Regia di Guido Malatesta vedi scheda film
XIX secolo. Per costruire un'imponente ferrovia, il granducato di Parma convoca l'ingegnere americano Farrell. Questi trova però ogni genere di opposizione e boicottaggio al suo lavoro, non ultima la presenza di un'affascinante contessina austriaca, spia in incognito dal vicino regno.
Scritto dal regista insieme ad Arpad DeRiso, La strada dei giganti è un curioso film d'avventura e d'azione girato a budget ridotto, ma con dignitosa applicazione. Di curioso c'è innanzitutto l'ambientazione ottocentesca nel granducato di Parma, non certo un contesto classico per il cinema; anche l'atmosfera western che palpita nell'opera è elemento sostanzialmente fuorviante, poichè a tutti gli effetti ci troviamo in un altro continente e con altre prerogative di partenza. Infine, una certa leggerezza nella storia, non priva di momenti ironici, ricorda proprio gli spaghetti western di un decennio più tardi, con tanto di scazzottata furibonda tutti contro tutti verso il finale. Guido Malatesta era attivo da qualche anno dietro la macchina da presa, dopo un iniziale periodo di assestamento in qualità di sceneggiatore (ruolo che non abbandonerà comunque mai, portandolo avanti fino a fine carriera); la sua specialità sarebbe diventata entro breve il film d'avventura a basso costo: si spenderà soprattutto a licenziare peplum, cappa & spada e affini.

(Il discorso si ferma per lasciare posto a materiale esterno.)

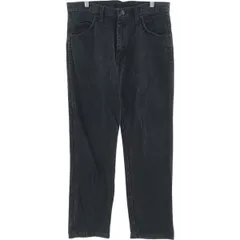 古着 ラスラー RUSTLER ブラックデニム ストレートデニムパンツ メンズw34相当/eaa417258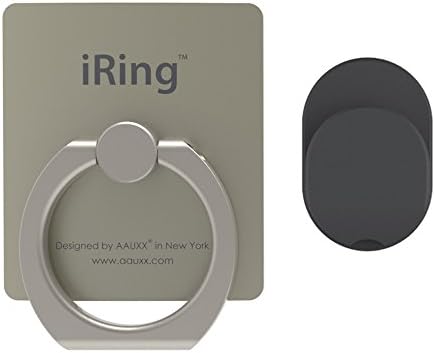 AAUXX iRing Premium Set : Safe Grip and Kickstand for Smartphones and Tablets with Simplest Smartphone Mount - Champagne Gold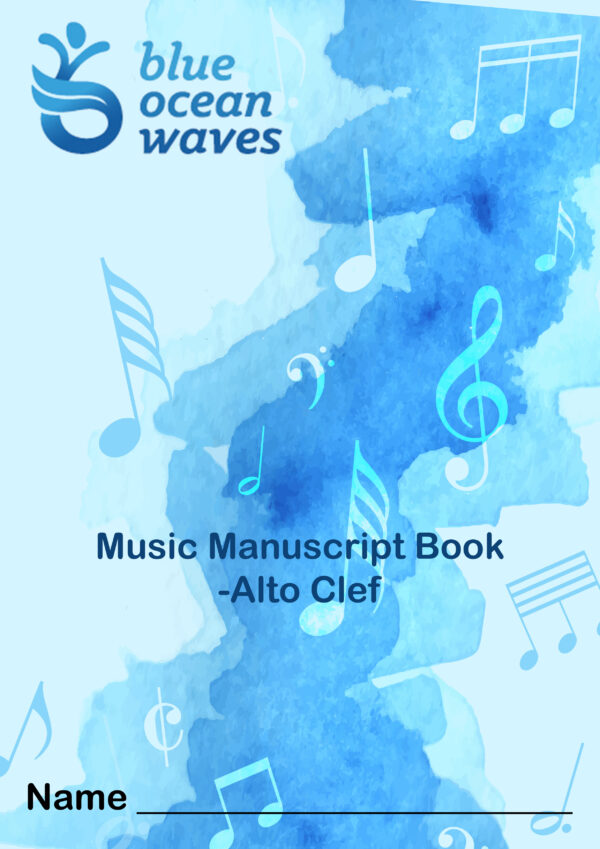 Music Manuscript Book- Alto Clef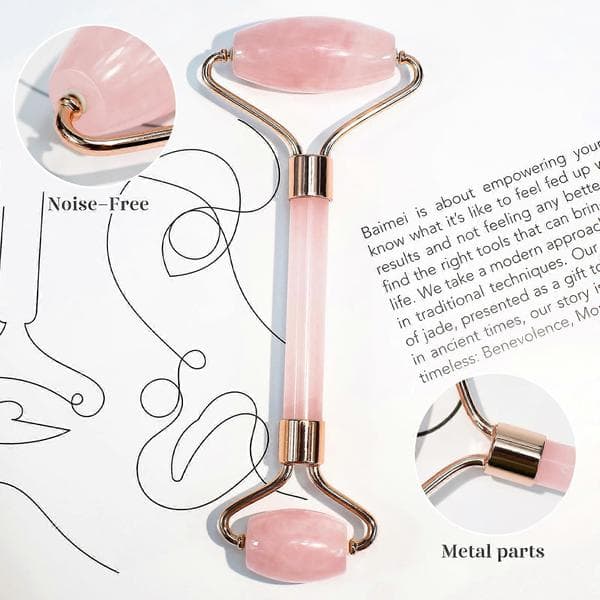 Gua Sha och ansiktsroller, Rosenkvartsroller Gua Sha-sten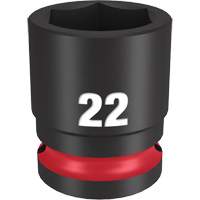 Milwaukee 49-66-6254 Shockwave Impact Duty Socket, Power, 22 mm, 1/2" Drive, 6 Points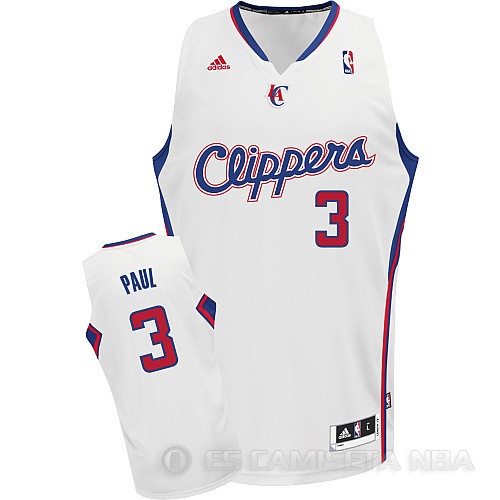 Camiseta Paul #3 Los Angeles Clippers Blanco - Haga un click en la imagen para cerrar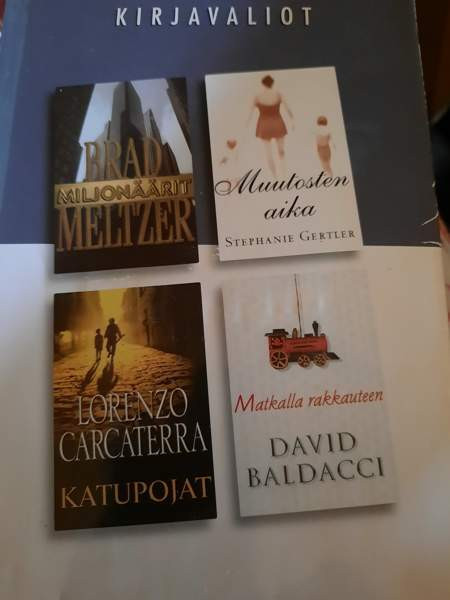 Kirjoja mm Sheldon, Steinbeck, Utrio Vaasa - valokuva 1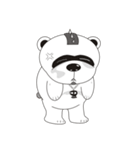 Funny Moro P Bear（個別スタンプ：28）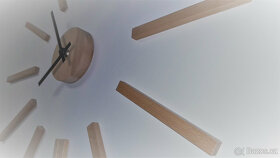 Nástěnné nalepovací dřevěné hodiny - 2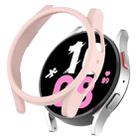 For Samsung Galaxy Watch 5 40 mm Half Coverage Hollowed PC Protective Case(Pink) - 1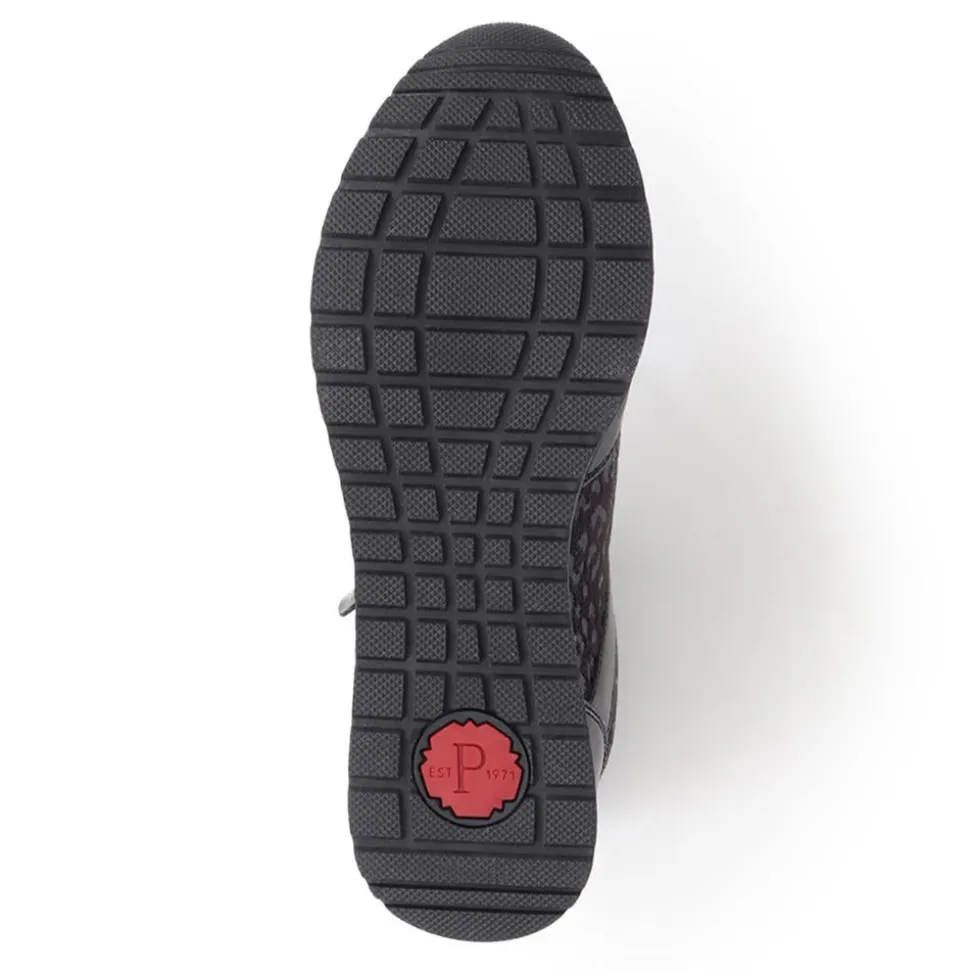 Lace-Up Trainers - Black Leopard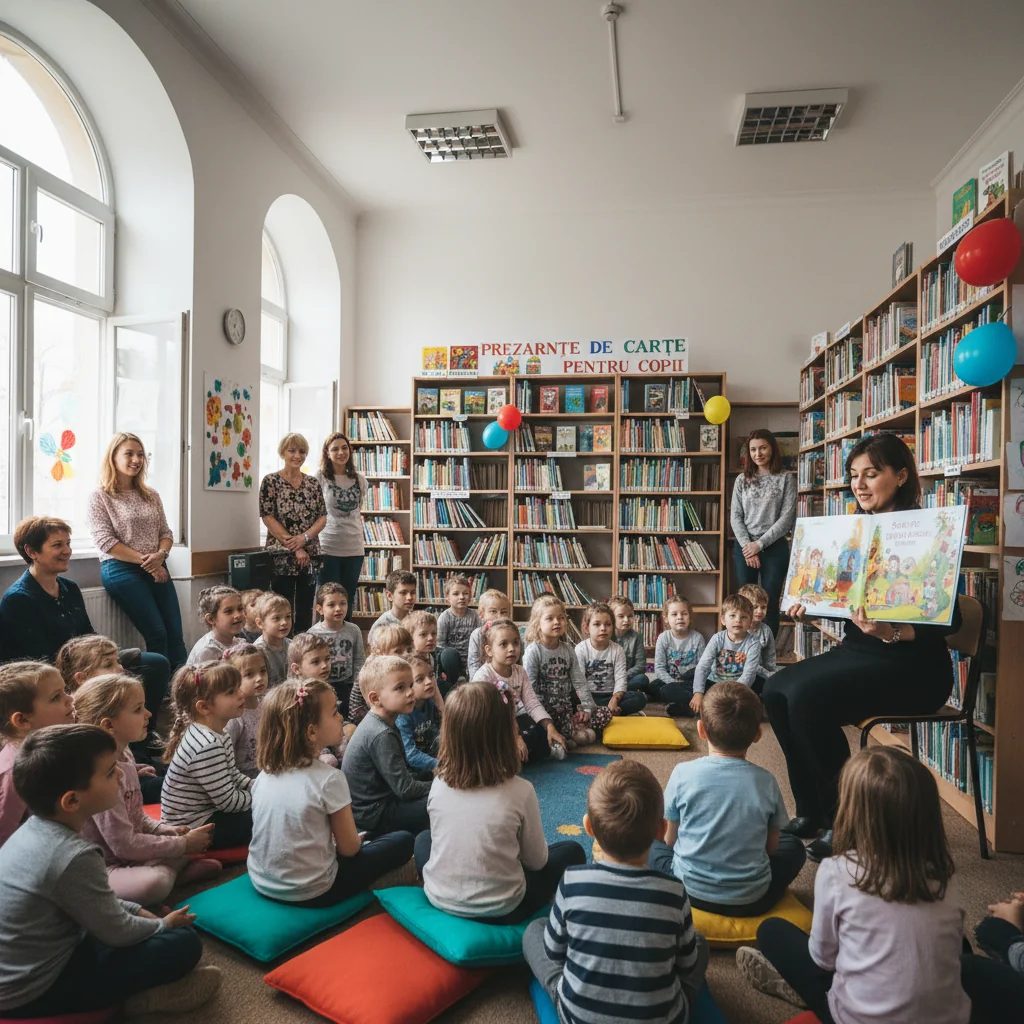 Eveniment de prezentare a cărților pentru copii la Biblioteca Județeană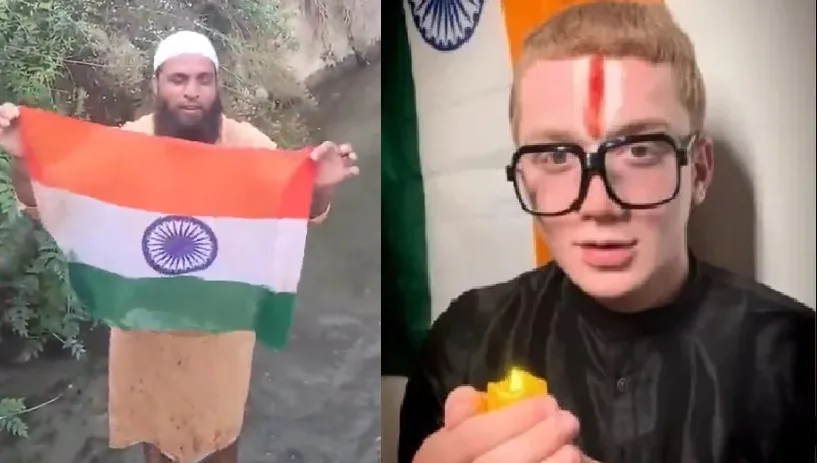 അരുവിയിൽ ഒഴുകിയെത്തിയ ത്രിവർണ്ണപതാക കഴുകി വൃത്തിയാക്കി ഇസ്ലാം വിശ്വാസി ; പാകിസ്ഥാൻ ഭീകരതയെ നശിപ്പിക്കാൻ ഇന്ത്യയിലെ മുസ്ലീങ്ങൾ മാത്രം മതിയെന്ന് കമന്റ്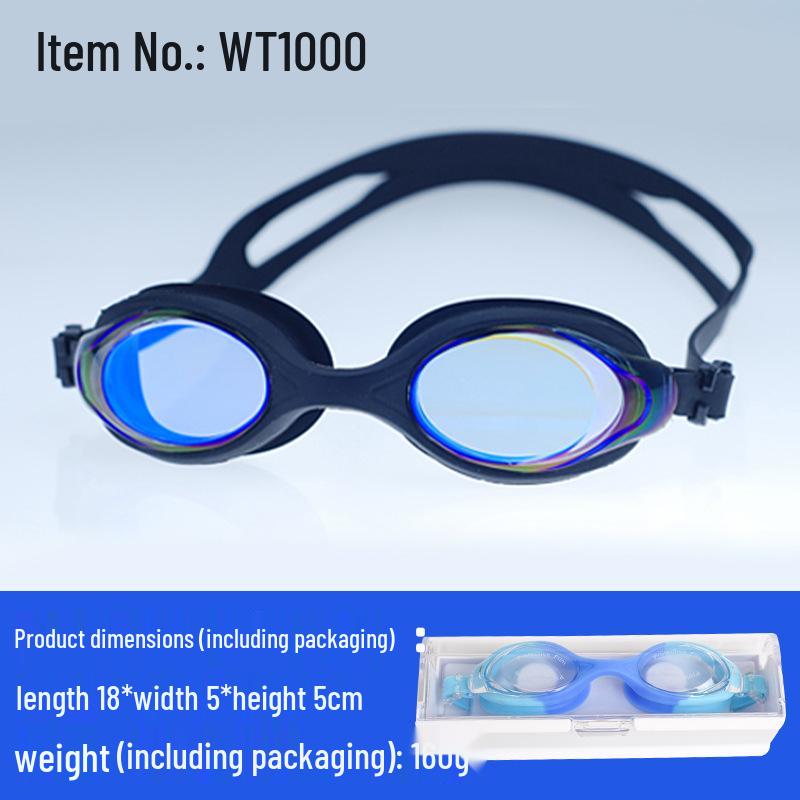 Kids' Anti-Fog High-Definition Swim Goggles with Flat Lens - Boys & Girls Diving Goggles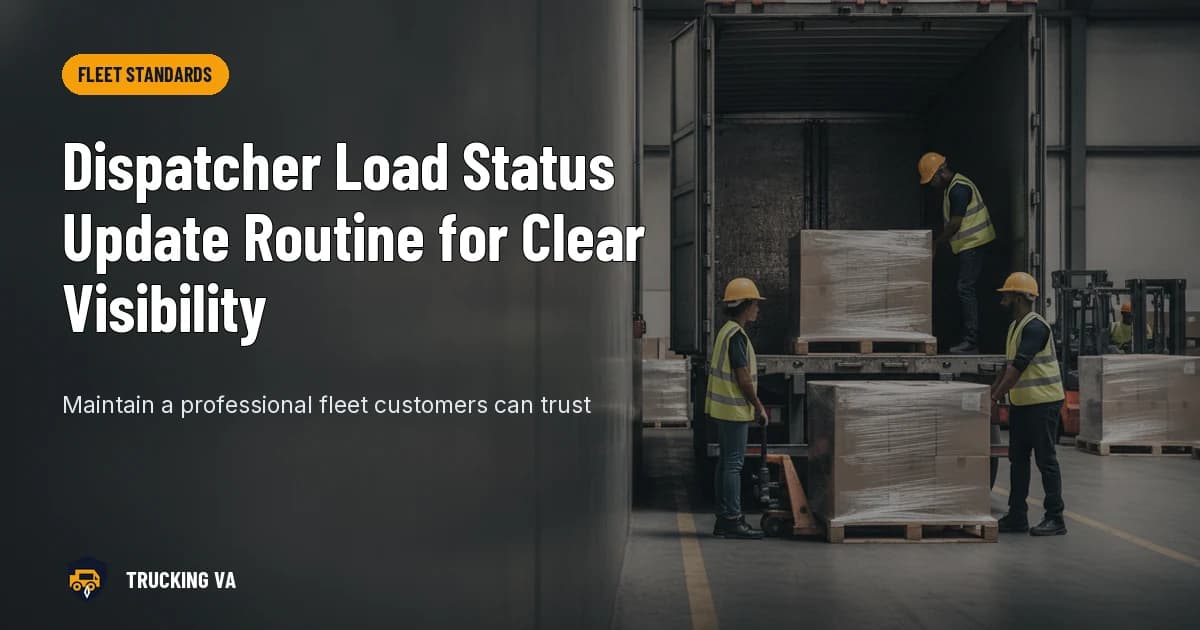 Dispatcher Load Status Update Routine for Clear Visibility trucking guide thumbnail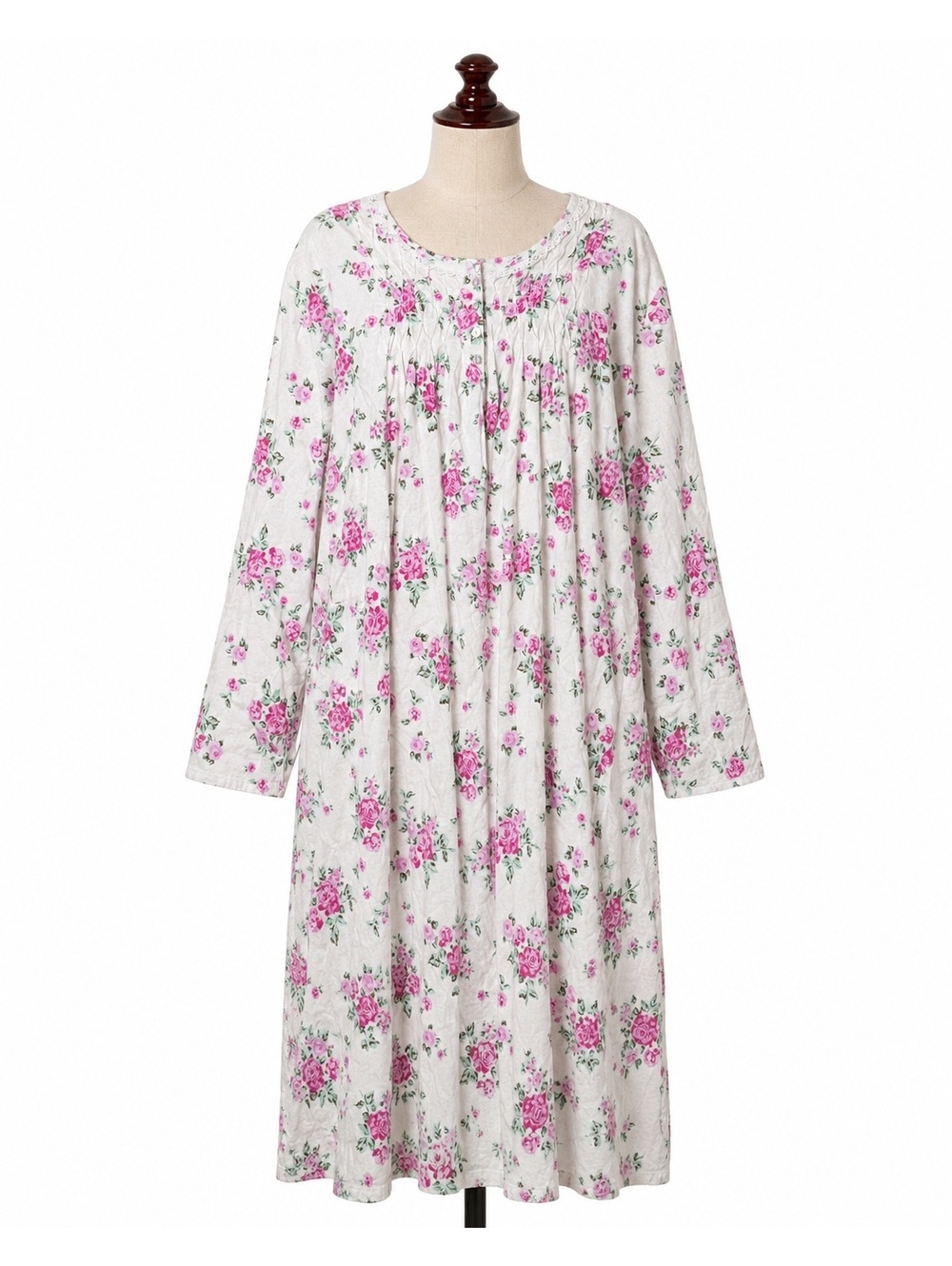Vintage 2X Floral Rose Nightgown 100% Cotton Cottagecore Coquette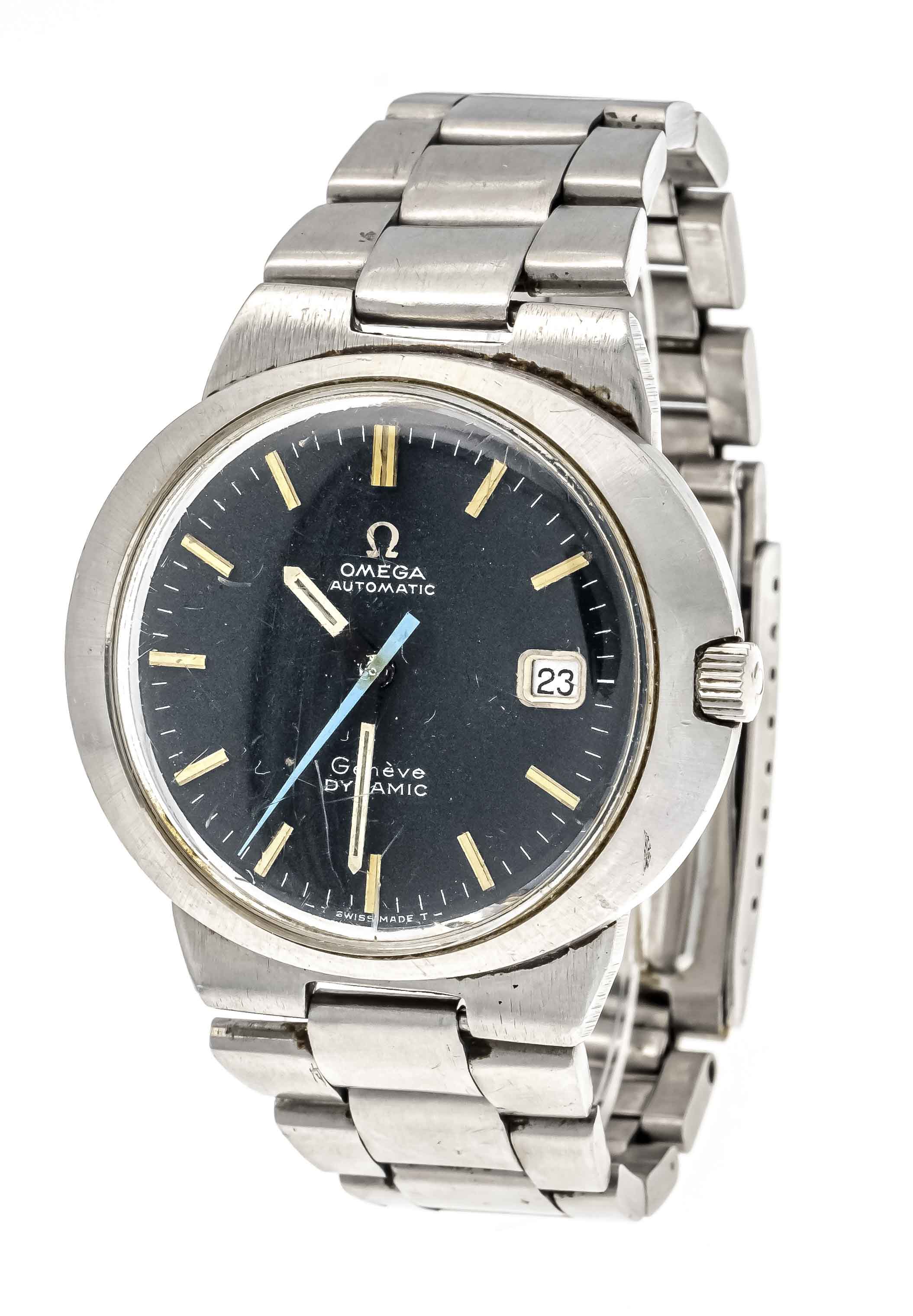 Omega Automatic, Geneve Dynamic, ref. 135/136/165/168.059, circa 1965-70, steel case and bracelet,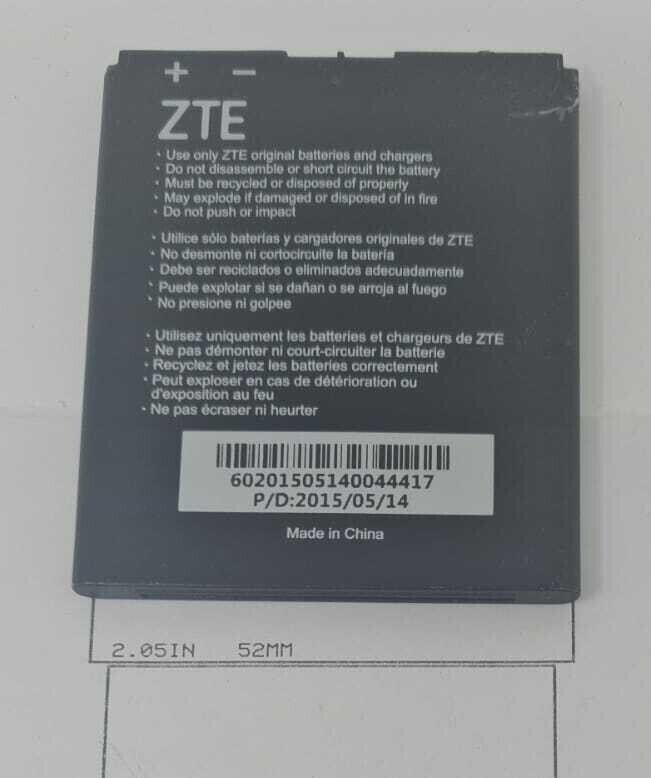 Battery Li3818T43P3h635450 For ZTE Obsidian Z820 Original Replacement 1800mAh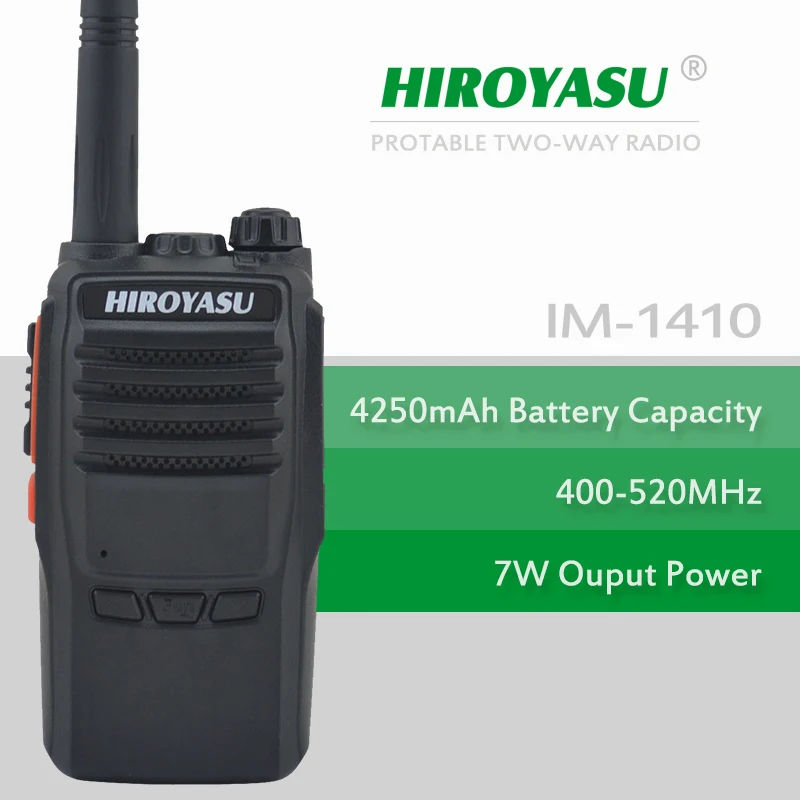 Портативная рация HIROYASU IM-1410 7 Вт UHF 400-520 МГц портативное радио с фонариком и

Qui le scarse idee e gli altrettanti mezzi non pesano più di tanto e la vicenda si lascia seguire senza troppa fatica, complice la scrittura azzeccata dei personaggi; d'altronde il cast non è fra i migliori, potendo contare solo su nomi di medio-basso livello: Chelo Alonso, Don Megowan, Ivo Garrani, Hildegard Knef, Daniele Vargas e Paul Muller sono i principali, mentre una particina viene riservata a Carlo Pisacane-Capannelle, ai tempi superimpegnato dopo il successo de I soliti ignoti (1958). 3/10.